Gaza : pour un bateau européen

—par Jean Daniel publié pour la première fois dans le blog du Nouvel Observateur du 10 juin 2010

Jean Daniel.

1. « Le blocus de Gaza n’est pas tenable » : c’est à la Maison Blanche que l’on a entendu ce propos mercredi dernier. On peut être assuré que les vrais vainqueurs de la nuit désormais historique du 30 mai, c’est à dire la Turquie et le Hamas, feront tout pour exploiter l’arraisonnement meurtrier d’un bateau turc cherchant à rompre le blocus de Gaza. Et on peut compter sur la pression des opinions publiques partout dans le monde pour faire le reste. Soudain tout s’est mis à bouger mais pour comprendre pourquoi rien ne bougeait jusque là, un rappel de quelques faits d’histoire est indispensable.

La coalition divisée et aveugle qui est supposée gouverner Israël n’est jamais arrivée à faire son unité que sur un seul objectif : le maintien du statu quo. Elle croyait pouvoir tout se permettre pour le faire. Rien ne devait arriver qui put aboutir à de vraies négociations et à l’établissement d’un État palestinien viable et indépendant.

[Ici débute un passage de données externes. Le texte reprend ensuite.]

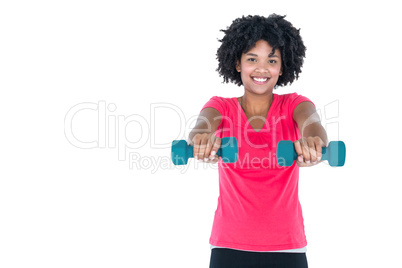 Portrait of happy young woman exercising with dumbbells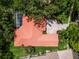 Aerial view of home with red tile roof, screened-in pool and landscaped driveway at 9075 Waterash N Ln, Pinellas Park, FL 33782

En ce sens, cette coalition avait une sorte de cohérence à court terme. Les Palestiniens étaient divisés et devaient le rester. Le Hamas était un mouvement extrémiste qui n’hésite pas à combattre les Palestiniens modérés de Ramallah et à recevoir des armes de l’Iran et de la Syrie, argument que brandissaient les lobbies pro israélien des États-Unis pour peser sur les décisions du Congrès. Les Israéliens pensaient donc pouvoir tout se permettre et se sont tout permis, y compris d’ignorer l’ensemble des résolutions de l’Onu.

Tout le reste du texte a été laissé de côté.